The United Bank is set to be sold but the when and how is yet to be decided; the Central Bank of Egypt (CBE), the major owner of the bank, will take this decision, new chairman and managing director of the United Bank Ashraf El-Kady said.
The CBE and other parties are still studying the issue of sale; the bank’s management has not received any instructions so far, El-Kady said.
The CBE founded the United Bank in 2006 and owns 99.9% of it. The size of the bank’s assets exceeded EGP 28bn at the end of 2015. El-Kady will officially take office in the United Bank by the beginning of April.
According to El-Kady, he hopes that, through his new position, he can achieve specific tasks that would place the United Bank among the largest banks operating in the Egyptian market. He also targets to increase the bank’s market share, which currently ranges between 2% and 3%.
El-Kady’s statements came during a ceremony the bank held last Wednesday on the occasion of renewing its partnership with international company Misys, which works in the field of financial software and carries out developments in the bank since it was founded in 2006.
The process of developing the bank and updating its technological structure has nothing to do with offering up the bank for sale, El-Kady told Daily News Egypt.
The bank aims to provide modern technological services, such as mobile banking, internet banking, and other services of this kind, which require a modern technological infrastructure like those of large international banks, El-Kady explained.
The bank’s strategy for the next five years aims to intensively increase the profits of the bank, which will benefit its major owner the CBE, he said.
In order to achieve this, the bank’s administration plans to offer a number of new products that address all customer segments, including customers of small- and medium-sized enterprises (SME) and real estate finance, along with developing a number of products the bank currently offers, El-Kady added.
According to the deputy chairman and managing director of the bank, Farag Abdel Hameed, the bank’s administration is continuing the development process it started in 2006, and will work on updating it in accordance with advanced technological systems.
The administration will update the bank’s systems, regardless of whether or not it is sold, as this plan was approved since the bank was founded, in cooperation with Misys, Abdel Hameed said.
If the bank is offered up for sale, the development process will increase its value, he added.
Abdel Hameed revealed that the administration of the bank has received inquiries from some Arab banks regarding the bank’s sale, however refusing to disclose the names of these banks, and noting only that these inquiries were directed to the CBE to clarify the matter.
As for the indicators of the bank’s performance during the past period, Abdel Hameed said the bank has succeeded in reducing the size of its non-performing loans from EGP 6.5bn in 2006 to approximately EGP 3.2bn in December 2015.

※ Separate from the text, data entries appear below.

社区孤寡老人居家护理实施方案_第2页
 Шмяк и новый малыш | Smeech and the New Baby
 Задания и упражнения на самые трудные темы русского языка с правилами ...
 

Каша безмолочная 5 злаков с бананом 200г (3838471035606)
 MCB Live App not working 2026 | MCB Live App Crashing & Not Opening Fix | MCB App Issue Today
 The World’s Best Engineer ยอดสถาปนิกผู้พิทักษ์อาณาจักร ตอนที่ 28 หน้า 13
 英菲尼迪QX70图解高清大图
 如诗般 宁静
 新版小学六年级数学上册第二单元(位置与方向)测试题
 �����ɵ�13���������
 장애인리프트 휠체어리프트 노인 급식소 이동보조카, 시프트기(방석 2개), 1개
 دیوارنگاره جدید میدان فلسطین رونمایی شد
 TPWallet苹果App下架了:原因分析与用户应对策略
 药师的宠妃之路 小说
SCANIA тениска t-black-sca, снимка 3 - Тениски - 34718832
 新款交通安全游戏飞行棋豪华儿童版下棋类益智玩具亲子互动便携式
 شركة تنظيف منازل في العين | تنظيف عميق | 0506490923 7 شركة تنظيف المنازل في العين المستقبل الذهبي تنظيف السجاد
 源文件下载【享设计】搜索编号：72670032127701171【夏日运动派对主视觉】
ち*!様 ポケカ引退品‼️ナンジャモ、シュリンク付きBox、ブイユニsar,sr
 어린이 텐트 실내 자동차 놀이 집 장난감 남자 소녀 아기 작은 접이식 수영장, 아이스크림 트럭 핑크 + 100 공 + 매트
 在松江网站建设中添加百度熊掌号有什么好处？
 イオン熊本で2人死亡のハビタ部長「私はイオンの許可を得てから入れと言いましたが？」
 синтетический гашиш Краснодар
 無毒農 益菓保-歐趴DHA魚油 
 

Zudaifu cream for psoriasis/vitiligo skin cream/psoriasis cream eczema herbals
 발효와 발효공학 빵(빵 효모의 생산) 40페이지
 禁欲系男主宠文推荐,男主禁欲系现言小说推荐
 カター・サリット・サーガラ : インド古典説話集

The size of United Bank’s loans portfolio of the bank was approximately EGP 5bn until the end of 2015, he added, asserting that all of them are good debts and the rate of defaulting on these loans does not exceed 1%, following the bank’s move to improve its loan portfolio and reduce the risks of defaulting.
The total volume of deposits at the bank exceeded EGP 20bn by the end of 2015. The bank hopes to increase this amount in 2016 and in the years to come, and is studying how to offer new saving schemes in local and foreign currencies. Moreover, the bank aims to expand to a total 250 ATMs, Abdel Hamed said.
“United Bank’s business plan over the next five years includes achieving growth of at least 30% annually in the loans portfolio of huge projects, 20% in the loans portfolio of SME, and 15% in retail loans,” Abdel Hameed said.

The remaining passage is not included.